Exact reproduction required: the lines below from the line with "photographe végétal paris" to the line with "Urban Gardening - Green Moss on Concrete", both ends included, and no others.
[[ DATASET CONTENT open ]]
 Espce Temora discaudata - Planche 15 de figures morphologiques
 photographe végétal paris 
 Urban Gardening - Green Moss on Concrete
[[ DATASET CONTENT closed ]]
[[ DATASET CONTENT open ]]
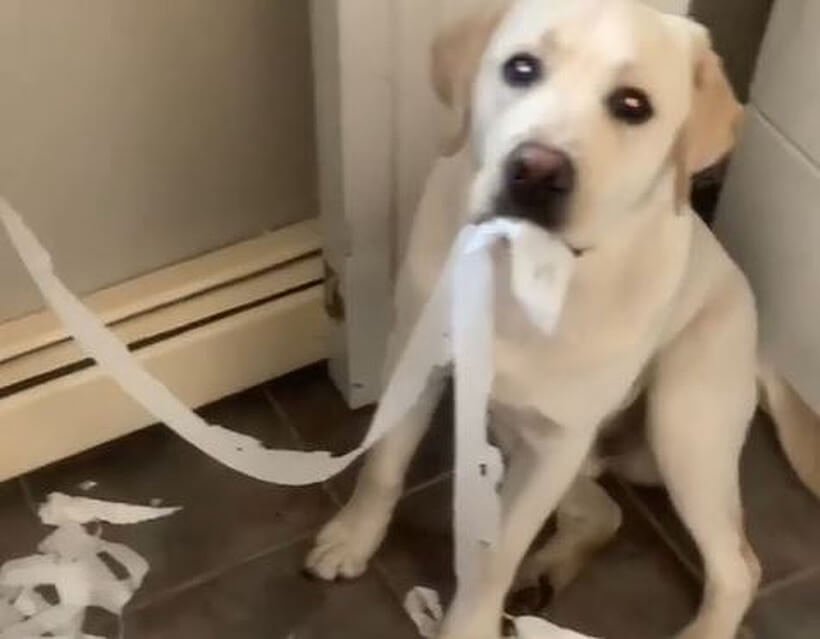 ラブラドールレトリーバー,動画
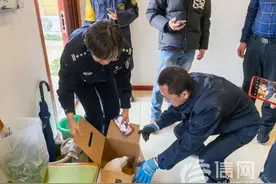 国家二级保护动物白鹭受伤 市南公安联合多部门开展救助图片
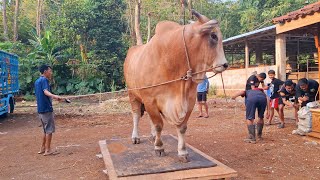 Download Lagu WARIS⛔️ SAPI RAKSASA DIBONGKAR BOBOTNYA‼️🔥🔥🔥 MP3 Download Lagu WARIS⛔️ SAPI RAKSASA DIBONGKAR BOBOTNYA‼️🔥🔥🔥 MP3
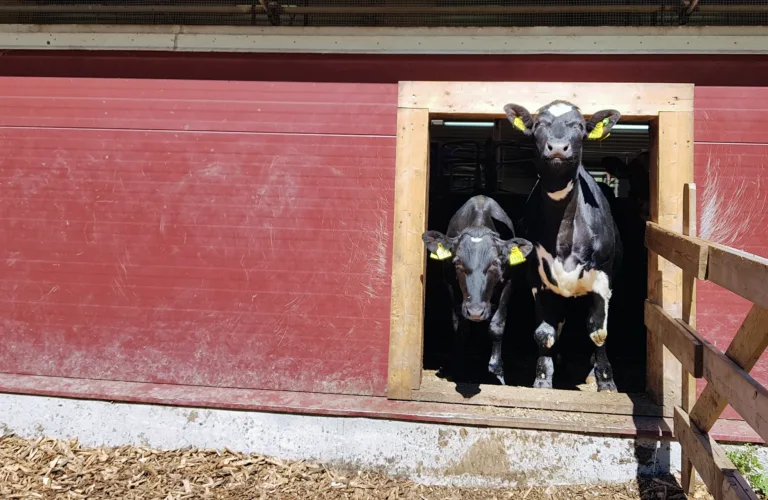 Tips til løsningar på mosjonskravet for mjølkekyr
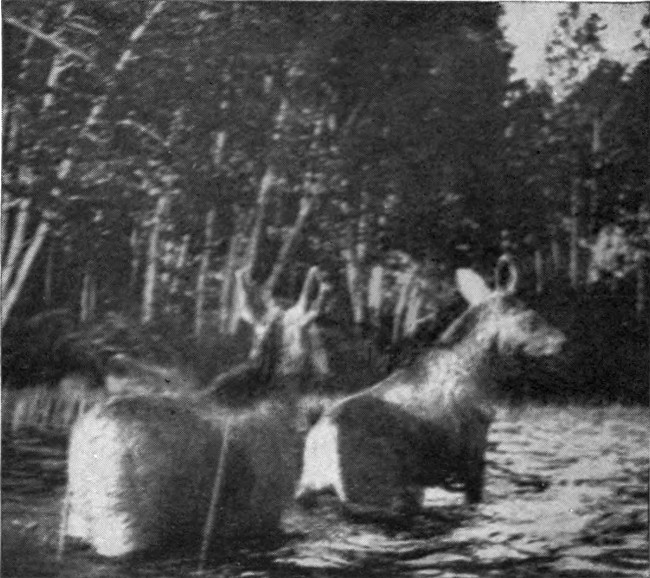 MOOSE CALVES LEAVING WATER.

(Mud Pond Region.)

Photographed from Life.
[[ DATASET CONTENT closed ]]
• **TASK ANSWER**:
 photographe végétal paris 
 Urban Gardening - Green Moss on Concrete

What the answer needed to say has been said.